Given the vector field $\vec A ( \vec r ) = \begin {pmatrix} 3x \\ -z \\ 2y \end {pmatrix}$, I have to prove that the vector field's curl in cartesian coordinates is the same as in spherical coordinates.
In cartesian coordinates:
$\nabla \times \vec A(\vec r) = \begin {pmatrix} 3 \\ 0 \\ 0 \end {pmatrix}$
In spherical coordinates:
$ \begin {pmatrix} \partial /\partial_r \\ \frac1r \partial / \partial_\theta \\ \frac{1}{r \sin \theta} \partial/\partial_\phi \end{pmatrix} \times \begin {pmatrix} 3r \sin\theta \cos \phi \\ -r \cos \theta \\ 2r \sin \theta \sin \phi\end{pmatrix} = \begin {pmatrix} 2 \cos \theta \sin \phi \\ -3 \sin \phi – 2 \sin \phi \sin \theta \\ -\cos \theta – 3 \cos\theta\cos\phi\end{pmatrix} $
But if I use Wikipedia's formula for curl, I receive $\begin {pmatrix} 4\sin\phi\cos\theta \\ -3\sin\phi -4\sin\theta\sin\phi \\ -2\cos\theta -3 \cos\theta\cos\phi\end {pmatrix}$
Now I got 2 questions about that:
First, where is my mistake?
Second, if I transform it back with $\phi = \arctan (\frac yx) $, I get $\phi = 0$ and thus $x=0$, which is wrong for both. Where am I wrong?
Best Answer
First, writing the vectors in component form (as column vectors) has made it less obvious that you need to use the product rule here.

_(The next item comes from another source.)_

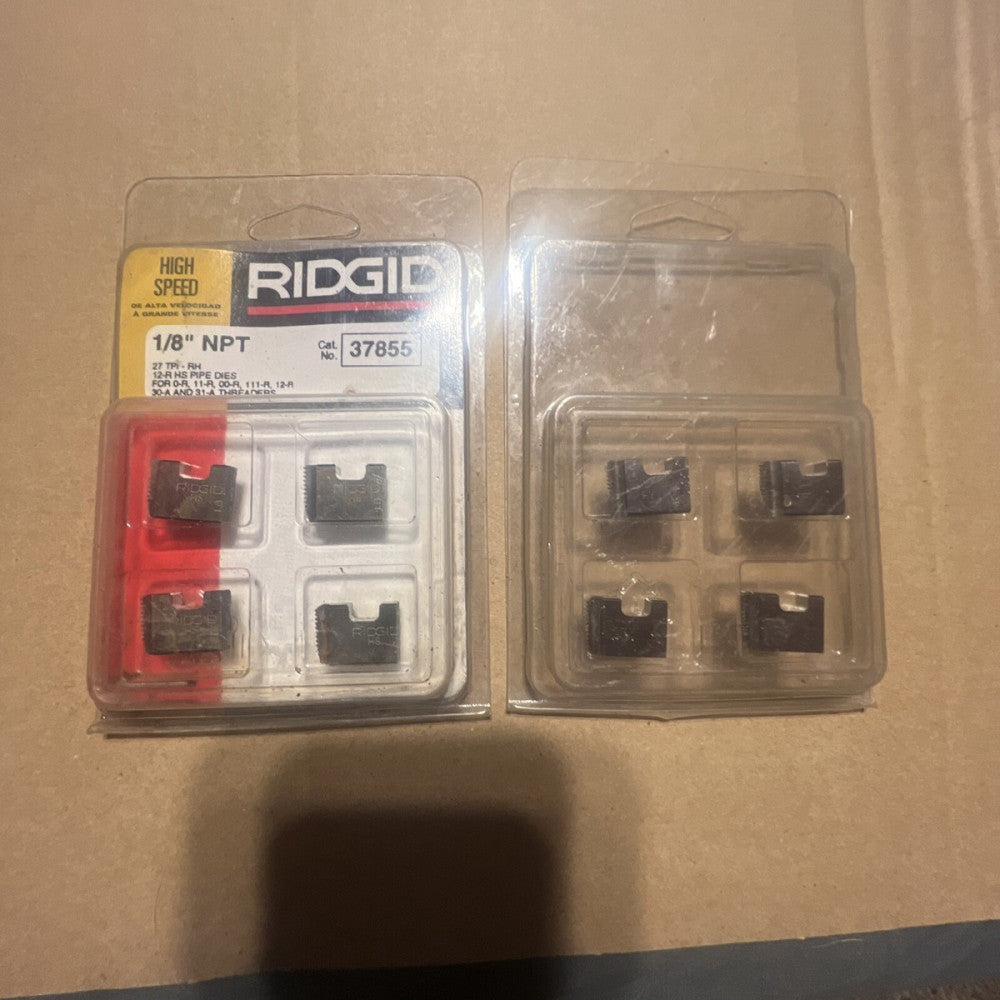 Lot Of 2 Acks Ridgid 37855 1/8" NPT 12R High Speed Pipe Die Set 27 TPI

Let $\hat x, \hat y, \hat z$ be the usual Cartesian basis. The curl takes the form
$$\nabla \times A = (\nabla A^x) \times \hat x + A_x \nabla \times \hat x + \ldots$$
But since $\hat x$ is constant, $\nabla \times \hat x$ is zero. Hence, the formula for curl in Cartesian can be written
$$\nabla \times A = (\nabla A^x) \times \hat x + (\nabla A^y) \times \hat y + (\nabla A^z) \times \hat z$$
Once you do the cross products, you get $(\partial_y A^z - \partial_z A^y) \hat x$ and so on, as you usually would expect.
In spherical, however, the basis vectors depend on position. $\nabla \times \hat \theta$ isn't zero, for instance. That's where the terms in Wikipeida's form come from.
Second, when you converted $3x \hat x - z \hat y + 2 y \hat z$, you converted $x, y, z$ to spherical coordinates, but you didn't convert the basis. It's quite clear that you wrote
$$ 3x \hat x - z \hat y + 2 y \hat z = 3 r \sin \theta \cos \phi \hat x - r \cos \theta \hat y + 2r \sin \theta \sin \phi \hat z$$
You need to write this in terms of the spherical basis vectors in order to apply the formula for curl in spherical properly.
In summary, remember that curl in a general coordinate system is not as simple as it looks in Cartesian. You can always derive the correct formula for a given coordinate basis by using the product rule. If $\alpha$ is a scalar field and $F$ a vector field, then
$$\nabla \times (\alpha F)= (\nabla \alpha) \times F + \alpha \nabla \times F$$
make $\alpha$ the components and $F$ the basis vectors to derive the correct curl formula for your coordinate system.
Second, make sure you write all vectors and vector operators in the same basis.